How programs treat missing values (re-basing)
The tables below have been created by exporting to PowerPoint from Q. Looking first at the table on the left, note that in the bottom row it reports that the NET (which in this case is a total) is 100% and that this corresponds to 718 respondents (n). Each of the percentages on this table has been computed by dividing the number of people to select each option (n) by the total sample size. For example, the 5% for Manager/administrator is computed as 33 / 718. The first row on this table shows that 54% (389) of the respondents have missing data, which in this case was because they were students, retired, unemployed or home-makers.
The table on the right, by contrast, has excludes the respondents with missing data and, consequently, its total sample size, as shown in the bottom row of the table and also the base n in the footer of the table is 329 (i.e., 718 - 389). Note that in this table all the percentages are different. For example, the 33 Manager/administrators in the sample now correspondents to 10% of the sample.
The table on the right has been re-based; that is, the percentages have been computed with the missing data excluded from the calculations. This is done automatically by most survey analysis programs. However, to do this automatically the programs need to know which categories to treat as being missing. In the case of the table on the left, although the first category has a label which says it is missing data, there is not metadata which explicitly tells the program it is missing data and, consequently, it appears on the table and is analyzed in the same way as all the other categories. By contrast, with the example on the right the program has been told to treat the people with missing data as being actually missing and the percentages are updated accordingly.
It is important to appreciate that neither of the tables is necessarily wrong. Rather, they just have different interpretations. The table on the left shows that 5% of people are Managers/administrators, whereas the table on the right is interpreted as saying that 10% of employed people are Managers/administrators.
See How To Remove a Category and Re-Base a Table for information on how to re-base tables in different programs.
Common missing data situations
As the previous example illustrated, whether or not data should be treated as being missing is a decision that has to be made by the person analyzing the data, as the way that it needs to be treated depends upon context (e.g., in the case above, whether we wanted to compute proportions in the total sample or just among people that were employed).

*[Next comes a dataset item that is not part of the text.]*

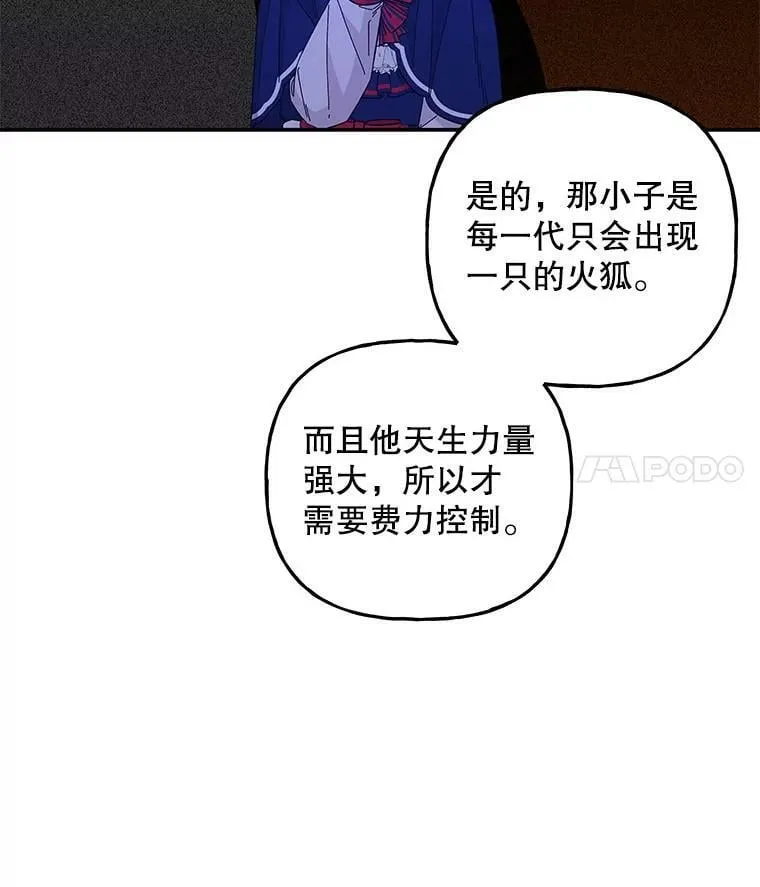 131.古代野兽 第19页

Often the data will be automatically marked as being missing. In particular, with good quality data files any respondent who has not been asked a question will automatically be classified as having missing data on that question and any analyses will be automatically re-based with that respondent's data removed. Consequently, the main situations where the missing data metadata needs to be modified are:
- Where respondents have data that is marked as missing but who should not be treated as having missing data. Consider variables showing the number of children that people have in different age bands (e.g., the number of children aged under 2, from 2 to 5, etc.) Typically, where a person indicates they have no children they end up not being asked how many children they have in each age group and thus end up having missing values in the data file for the number of children in age group. However, in this instance we actually know that they have 0 children in each age category so the data needs to be changed from missing values to instead show that the data is not missing (see Recoding Variables).
- Where respondents have data that is not marked as missing but should be marked as missing. For example, in a study of voting intentions if 10% of the sample have said "Don't know" it often makes sense to treat these responses as missing data as otherwise the polling results indicate that that preference shares for the different political parties add up to less tan 100%.